Trying to stay ahead in the rat race can be especially tricky if your colleague happens to be a friend outside the workplace. It is commonplace for people to socialise with their colleagues overtime, which makes the competition just that little bit more complicated.
Thankfully, it does not have to be a zero-sum game in which either you or your workplace ‘frenemies’ must lose.
Here are three simple principles to observe in such situations, without wading into the murky world of office politics and backstabbing:
The politics of envy can be disastrous, and friendships tend to be tested at work when jealousy takes root. While factors like remuneration and job titles are beyond your circle of control, you can leverage controllable factors to strengthen or repair a friendship at a workplace.
Going the extra mile to help your friend at work can pay dividends. Kind and selfless gestures are seldom forgotten, and help rendered will usually sow the seeds for a healthy work relationship.
Have a piece of knowledge that will improve work performance and productivity? Start with simple suggestions like these and you will be surprised how much goodwill can permeate the workplace.

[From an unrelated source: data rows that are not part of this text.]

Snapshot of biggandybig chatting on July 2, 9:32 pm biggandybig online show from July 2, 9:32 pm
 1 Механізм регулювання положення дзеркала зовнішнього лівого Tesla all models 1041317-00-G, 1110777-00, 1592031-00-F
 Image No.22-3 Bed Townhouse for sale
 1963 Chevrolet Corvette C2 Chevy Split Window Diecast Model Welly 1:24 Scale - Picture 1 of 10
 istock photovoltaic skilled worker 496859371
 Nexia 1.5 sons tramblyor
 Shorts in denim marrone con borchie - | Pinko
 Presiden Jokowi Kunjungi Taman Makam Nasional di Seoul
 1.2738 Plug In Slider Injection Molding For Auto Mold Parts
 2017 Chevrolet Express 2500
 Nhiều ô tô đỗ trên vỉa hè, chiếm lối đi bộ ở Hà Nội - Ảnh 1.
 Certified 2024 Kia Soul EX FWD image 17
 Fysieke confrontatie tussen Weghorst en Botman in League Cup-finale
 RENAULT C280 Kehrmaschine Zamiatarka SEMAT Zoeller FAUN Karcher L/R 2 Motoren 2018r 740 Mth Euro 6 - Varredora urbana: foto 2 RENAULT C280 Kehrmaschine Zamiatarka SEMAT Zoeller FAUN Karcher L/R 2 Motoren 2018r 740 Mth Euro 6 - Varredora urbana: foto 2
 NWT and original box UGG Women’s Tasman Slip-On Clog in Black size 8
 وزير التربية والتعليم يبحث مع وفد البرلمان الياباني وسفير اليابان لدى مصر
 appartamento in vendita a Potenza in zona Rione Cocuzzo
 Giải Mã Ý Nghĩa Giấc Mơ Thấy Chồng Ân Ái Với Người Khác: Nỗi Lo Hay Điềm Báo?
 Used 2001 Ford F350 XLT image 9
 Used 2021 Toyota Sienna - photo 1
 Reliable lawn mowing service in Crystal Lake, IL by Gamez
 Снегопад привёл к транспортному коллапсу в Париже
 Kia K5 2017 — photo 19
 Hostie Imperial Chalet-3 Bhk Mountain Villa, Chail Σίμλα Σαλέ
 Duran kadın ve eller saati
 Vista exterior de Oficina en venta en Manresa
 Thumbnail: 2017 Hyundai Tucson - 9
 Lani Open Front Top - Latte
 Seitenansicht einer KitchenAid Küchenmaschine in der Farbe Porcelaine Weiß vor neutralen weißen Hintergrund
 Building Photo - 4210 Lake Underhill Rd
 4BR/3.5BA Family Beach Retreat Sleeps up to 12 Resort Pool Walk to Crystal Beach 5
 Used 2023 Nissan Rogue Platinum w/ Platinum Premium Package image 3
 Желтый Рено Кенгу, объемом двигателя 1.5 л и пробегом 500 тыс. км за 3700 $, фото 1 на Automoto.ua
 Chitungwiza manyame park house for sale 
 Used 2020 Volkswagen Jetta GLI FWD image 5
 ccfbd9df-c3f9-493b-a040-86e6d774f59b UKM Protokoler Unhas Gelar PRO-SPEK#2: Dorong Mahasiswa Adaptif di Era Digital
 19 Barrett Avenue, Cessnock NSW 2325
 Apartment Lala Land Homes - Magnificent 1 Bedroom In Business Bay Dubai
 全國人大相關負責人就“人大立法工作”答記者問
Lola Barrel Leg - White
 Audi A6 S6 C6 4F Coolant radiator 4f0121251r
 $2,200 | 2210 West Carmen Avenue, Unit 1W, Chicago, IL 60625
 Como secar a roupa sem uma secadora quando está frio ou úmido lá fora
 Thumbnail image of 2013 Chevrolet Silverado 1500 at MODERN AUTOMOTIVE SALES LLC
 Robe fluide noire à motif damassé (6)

Appropriateness is not synonymous with aloofness or professionalism. There is a time and place to be taken seriously without being robotic about it. Likewise, it is perfectly acceptable to have light-hearted and personal conversations at work. Such conversations are part of the team-building tapestry, and are especially important when you have aspirations to climb the corporate ladder later.
That said, building rapport may occasionally backfire, especially in serious situations when you need to be taken seriously, and can lead to misunderstandings if you are not intentional with your actions.
It is, therefore, very important to set clear boundaries at work with your friends, through clear communication and body language.
Navigating friendships in the workplace can be tricky. Coupled with the pressure to perform, this leaves room for potential misunderstanding and jealousy. This is why learning how to apply tact when interacting with your co-workers is crucial to maintaining a healthy relationship. When dealing with potentially sticky situations such as performance reviews or working together on a project, learn to keep your emotions neutral and remember to consider your choice of words.